第?夜 ???
「あ、あれ…?夢から覚めたつもりなのに…」
気が付いたら夜神家の和室ではなくではなく、
外国にある大図書館みたいな所に来ていた。
外の様子がどうなっているかは良く分からないが
至るところに大量の本がズラリと本棚に並んでいた
私が今いる場所はどうやら一階の吹き抜けの大きな机にある椅子で突っ伏して寝ていたらしい。
ふと空を見上げると月がいつもの色ではなかった。青い…??
「やぁ。起きたんだね」
「ふぇっ!!??」
気を取られていて見てなかったが、私が寝ていた真っ正面には男の人がいた。驚く顔が面白かったのか笑われてしまった。彼は本を数冊机の上に置き
私の目の前に座った。
「あ、あの…ここは…」
「あぁ。見ての通り大図書だよ」
「それは分かるんですけど……」
「言いたいことは分かるよ。状況把握が難しいのも無理はない。僕も長年此処にいるけど初めて来たときは驚いた」
手に抱えてあった分厚い本は読まず、机に置いた本をペラペラ捲りながら話す彼。無意識に緊張してこわばっていた私は不思議と安心していた。
ゆったりとした時間が流れていると、私の目を見てふんわりと微笑みながら彼は口を動かした。
「ねぇ。ここであったこと秘密にしておいてほしんだ。気軽にこれる場所ではないからね」
「は、はい…」
声のトーンが段々と下がり、決して話すことを赦させない目をしていた。彼から発せられる緊張に自然と背がしゃんとなる。それを見た彼は安心したのかさっきの緊張を解いて私にとある一冊の小さな本を渡してくれた
「これは、君が本当に心から苦しくて「選択」を謝ってしまいそうな時に開いて。チャンスは一回きりで開いたら二度と戻せない。…それだけ強い事が書かれているから安心してね?」
「は、はい…!」
「よし。いいこ」
親御さんが心配するからと、私は帰り支度を始めた。
彼は3つのこと教えてくれた。
私以外にも別の『世界観』があること。
その世界観に「今は」干渉してはいけないこと。
干渉してしまったら本来あるべき事柄が変化してしまうこと。
そうこうしているうちに彼が案内してくれた大きな扉の前に着いた。初めて会う人なのにどうしてこんなに大事な事を話してくれたのか疑問に思い、思わず彼の目をじっと見てしまった。その様子に気づいた彼はその事を言うまいか躊躇していたものの、意を決して優しく私の頭を撫でながらこう言った。

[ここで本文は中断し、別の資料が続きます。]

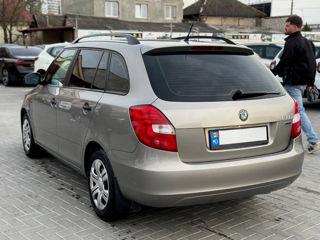 Skoda Fabia foto 3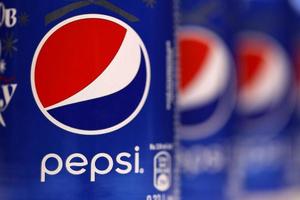 charkow, ukraine - 5. mai 2022 aluminiumdosen pepsi-alkoholfreies getränk aus nächster nähe. pepsi ist ein kohlensäurehaltiges Erfrischungsgetränk, das von pepsico hergestellt wird. Pepsi wurde 1893 gegründet foto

「君は沢山の味方がいる。…でも全てを信じてはいけない。僕がずっと抱えていたこの本は、この世界観の本来あるべき運命が書かれている。でもね、必ず誰かがその運命を変えるんだ」
「えっ……」
思いがけない衝撃に言葉が出てこなくなる。安心させようと笑みはたやさないものの、不安がる私の目を見た彼は何処か苦しそうだった。
「…僕は表には出ないけど、君がいる世界観を護る担当。君もこの世界観も必ず護るから安心してね?」
「はいっ」
「……いっておいで」
私の表情に安心したのか、彼は扉を開きそっと私の背中を押した。彼の温かい手の温もりに不安という暗闇に覆われていた未来に一筋の光が差した気がした。
長々とすまないね。本編突入前に失礼するよ。
これからは画面越しにいる『君』が彼女と一緒に「物語」を進めて欲しい。
何を感じるか思うかは君の自由だ。